Everything you thought you knew about buying a home has probably flown out the window during the coronavirus pandemic.
Yes, interest rates are at historic lows — but they’re also jumping up and down, making it hard to know whether you’re getting the best rate possible.
Lenders are changing their criteria for borrowers to avoid lending to people they view as financially unstable during the crisis. Companies that once offered mortgages to people with credit scores of 620 are now requiring scores of 680 or even 700, and some are demanding higher down payments.
Buying a home can be confusing under the best of circumstances. But now that the process is changing every day, you may be looking for help.
Now could be a better time than ever to use a mortgage broker — the middleman between you and a lender — who can help you find a lender with the best deal.
What is a mortgage broker?
As you prepare to buy a home, you might research a few lenders and choose the one with the best rates — or, depending on your credit score and money for a down payment, simply the one that will offer you a loan.

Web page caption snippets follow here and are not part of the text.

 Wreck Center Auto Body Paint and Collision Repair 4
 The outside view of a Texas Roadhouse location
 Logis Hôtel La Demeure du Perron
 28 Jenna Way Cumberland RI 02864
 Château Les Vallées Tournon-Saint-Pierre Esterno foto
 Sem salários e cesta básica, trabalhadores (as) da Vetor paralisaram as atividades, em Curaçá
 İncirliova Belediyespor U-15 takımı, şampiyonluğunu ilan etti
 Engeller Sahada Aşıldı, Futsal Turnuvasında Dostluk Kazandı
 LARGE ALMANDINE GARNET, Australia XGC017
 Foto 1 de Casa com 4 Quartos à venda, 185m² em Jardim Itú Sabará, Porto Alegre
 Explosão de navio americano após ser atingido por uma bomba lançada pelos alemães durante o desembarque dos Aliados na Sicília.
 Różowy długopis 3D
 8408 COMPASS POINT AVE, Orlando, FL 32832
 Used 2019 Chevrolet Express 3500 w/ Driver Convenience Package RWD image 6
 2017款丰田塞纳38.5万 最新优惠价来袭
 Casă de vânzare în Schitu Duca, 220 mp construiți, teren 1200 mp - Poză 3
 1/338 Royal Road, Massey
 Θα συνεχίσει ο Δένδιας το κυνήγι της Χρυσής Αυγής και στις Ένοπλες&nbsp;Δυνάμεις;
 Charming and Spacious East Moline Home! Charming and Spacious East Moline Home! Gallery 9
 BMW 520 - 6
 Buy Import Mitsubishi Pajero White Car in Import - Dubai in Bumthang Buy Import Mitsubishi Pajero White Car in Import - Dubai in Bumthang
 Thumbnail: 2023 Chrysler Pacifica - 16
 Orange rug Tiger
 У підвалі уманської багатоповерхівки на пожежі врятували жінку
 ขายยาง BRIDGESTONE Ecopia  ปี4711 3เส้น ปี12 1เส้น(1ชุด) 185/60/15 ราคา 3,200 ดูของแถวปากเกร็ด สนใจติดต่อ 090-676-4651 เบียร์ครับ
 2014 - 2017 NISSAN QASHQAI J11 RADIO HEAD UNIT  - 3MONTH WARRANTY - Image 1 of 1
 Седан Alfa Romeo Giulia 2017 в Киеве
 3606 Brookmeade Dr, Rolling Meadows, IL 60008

A mortgage broker’s job is to do all that research for you. They have partnerships with a variety of lenders, and they set you up with the best fit based on your financial situation and preferences.
“They will often have a wide array of loan products that are available to them,” said Andy Taylor, General Manager of Credit Karma Home. “Think of a broker who has access to 25 different wholesale lenders. Those are wholesale lenders that that average consumer wouldn’t be able to reach any other way.”
Using a mortgage broker as a middleman gives you access to lenders you may not have known existed, some of which only do business through mortgage brokers.
“The benefit of using an independent mortgage broker … is that they shop on your behalf and they’re going to get you the best loan,” said Alex Elezaj, the Chief Strategy Officer of United Wholesale Mortgage, a company that only works through brokers. “That’s the best way to do it, because they’re working with multiple lenders, and you don’t have to try to figure out, you know, ‘What does this mean?’ and ‘What does that mean?'”
You might stumble upon a mortgage broker that will charge you a fee, but many brokers are paid by the lenders they have partnerships with, not the borrowers. To be safe, ask a broker how they make money before working with them.
Mortgage brokers could help you get a loan and lock in a low rate during the coronavirus pandemic
Using a mortgage broker could actually be your ticket to getting a loan during this hectic time.
“If you went straight to Chase right now and you had [a credit score of] less than 700, you would be out of luck,” Taylor said. “You just wouldn’t be able to find a loan. But imagine that you went to a broker and they said, ‘Hey look, I’ve got some lenders in my wholesale network that have standards up to 700, but I actually have many that are still pricing 660 to 680. That … could actually allow you to get a loan.”
And if you have a good credit score and plenty of money for a down payment, a broker can also help you lock in a low APR as rates rapidly fluctuate. A mortgage broker does the research for you among the lenders they work with, which can save you a lot of time and stress, and ultimately land you a better rate.
“The only thing that I would say a broker might not be the best area to win in is maybe with a jumbo loan,” Elezaj said. Jumbo loans are mortgages exceeding the loan limits set by Federal Housing Finance Agency (FHFA), which is $510,400 for a single-family home in most US states. “Banks will typically be a little bit more competitive on jumbo loans because they want the customer acquisition of checking, savings, car loans, all of that stuff.”